Last week, Mark Schaefer published a blog post with the provocative title, "Why Big Data will go away soon." In this post, Mark argued that, for the next five years or so, the ability to analyze and extract insights from big data will be a critical skill for marketers. But then, Mark says, technology will make it so easy to use data in marketing that the complex aspects of data analytics will become invisible to most of us.
Here's now Mark described the not-too-distant future:
"In the foreseeable future, I can definitely see a time when we won't have to worry about specifying the correct statistical test or making sure your data is 'cleaned up.' You'll simply ask your device a question about your customers or competitors and it will know what data to pull, what analysis to run, and how to interpret the results.
. . .
In this new environment, we won't think about the Big Data that is fueling those answers just like we don't think about the sophisticated electronics at work when we are flying to a business meeting or responding to an email.

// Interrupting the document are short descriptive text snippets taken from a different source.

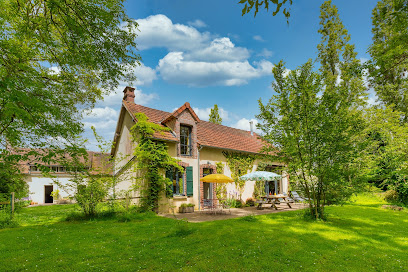 Maison Les Deux Ailes, Gîte à Triguères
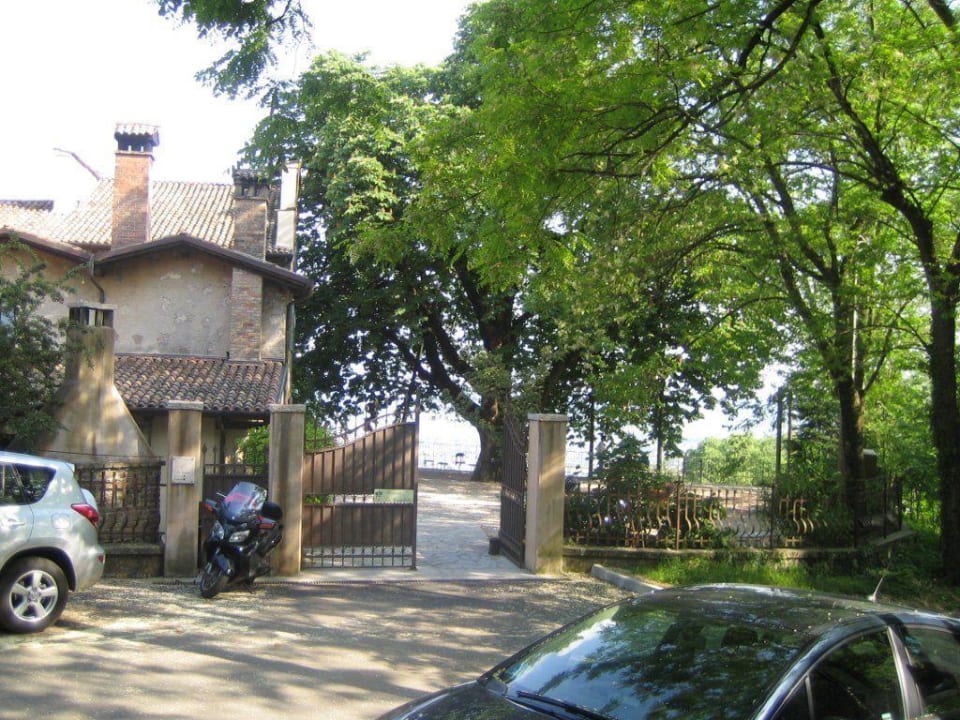 Eingangstor Hotel Locanda La Candola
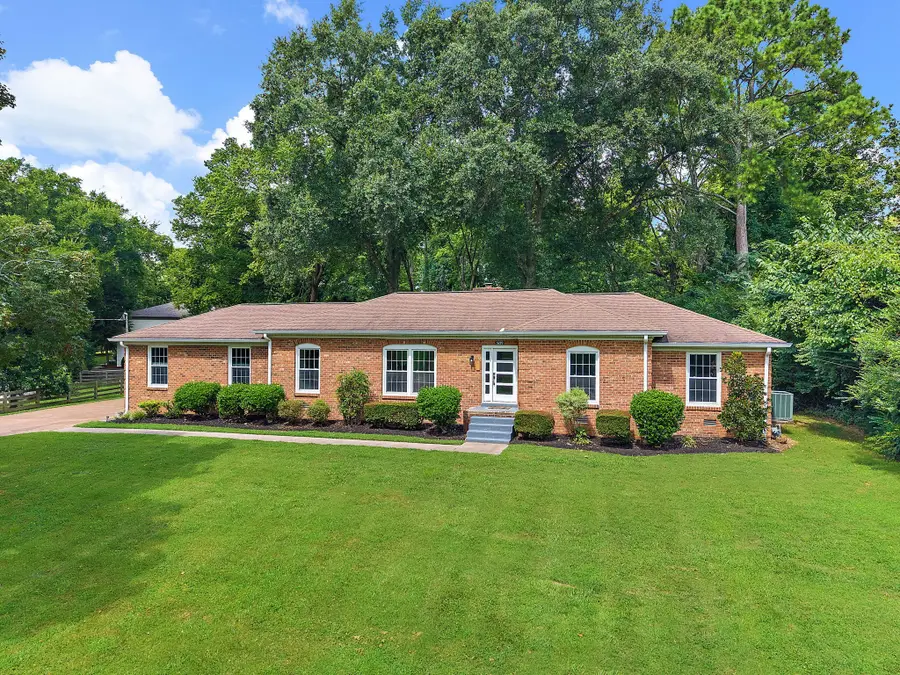 5239 Trousdale Dr, Nashville, TN 37220 - Image #3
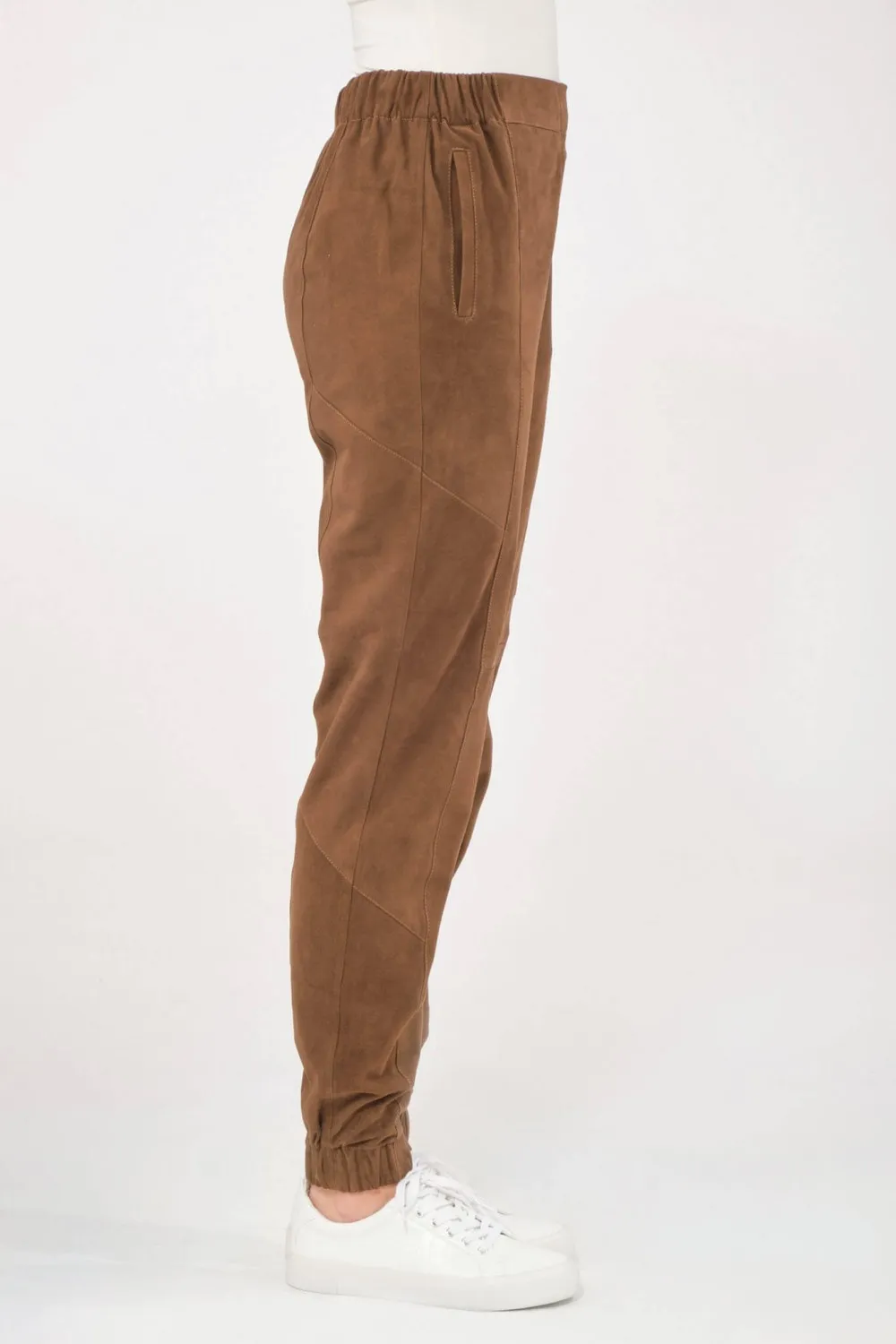 Pantalon style jogging en daim, Giorgio & Mario - IZIA Cappuccino | Cesare Nori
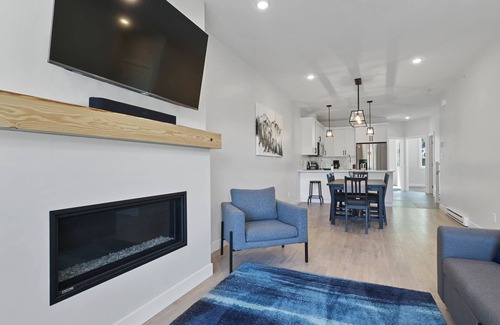Sun Peaks House | Townhome with Garage, 3 Bedrooms and Hot Tub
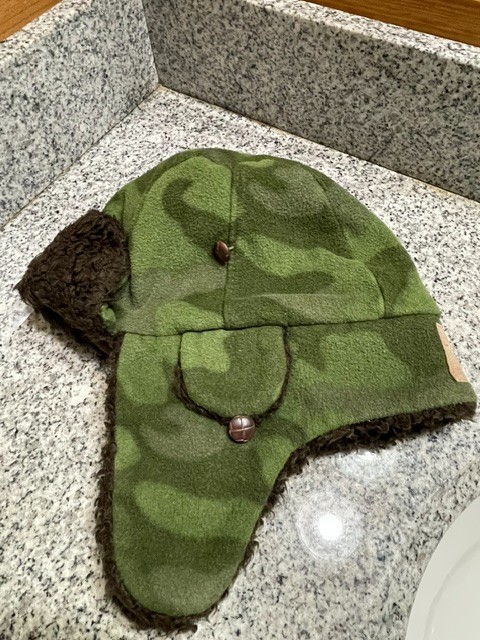 GAP KIDS CAMOUFLAGE WINTER HAT S/M EAR FLAP TRAPPER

It's just there. It just works. We don't know how, we don't care how. We don't give it a name. The Marketing Answer Machine will be our best friend."
Mark's view of the future is probably accurate in many ways. I think it's very likely that data analytics software will become easier and easier to use and that the complex, "heavy lifting" stuff will increasingly occur in the background, most likely overseen by a small group of "data scientists."
But, will the "Marketing Answer Machine" really provide all of the customer insights we need to optimize our marketing activities and produce successful marketing programs? I'm not so sure.
In a recent blog post for the Harvard Business Review, Charles Handy eloquently explained why we should view the "infosphere" - the combination of the Internet and computer technology - as a mixed blessing. Charles Handy is one of the most influential management thinkers of the past thirty-plus years and the author of more than a dozen books, including The Age of Unreason and The Age of Paradox.
While Mr. Handy's post deals primarily with the potential negative impacts of data and technology on individuals, organizations, and society in general, he has a message about the limitations of data that marketers need to remember. He wrote:
"Today's technologies would like to reclassify us bundles of data - be they words, numbers, or images - that the infosphere can process more easily. . . This kind of algorithmic society, with its programmes [sic] and routines, will take the stress out of life - but also much of its meaning if we let it.
This meaning is rooted in our consciousness, which cannot be coded or made into data. Nor can the virtues of beauty, truth, or goodness, which you recognize when you see them but cannot adequately measure or define. Love, trust, loyalty, and judgement [sic] - the essentials of our human relationships - are also immune to sensible quantification. Trying to codify them is pointless."
It would be unreasonable to suggest that having and using relevant and accurate data about current and potential customers won't help marketers make better decisions and create more effective marketing programs. But it's equally unreasonable to believe that data and data analytics are all that's necessary for successful marketing.
Virtually all of the data about customers and prospects that we track and use is behavioral data. Behavioral data can tell us what a potential buyer has done (and often when and where an action was taken), but behavioral data doesn't reveal the psychological and/or emotional factors that motivated the behavior, and it doesn't tell us much about the context in which a behavior occurs.
Big data is seductive because it appears to give us a highly detailed picture of our potential customers, but despite the detail, big data provides only part of the "customer intelligence" we need for effective marketing. It's like having a high-resolution version of half of the Mona Lisa.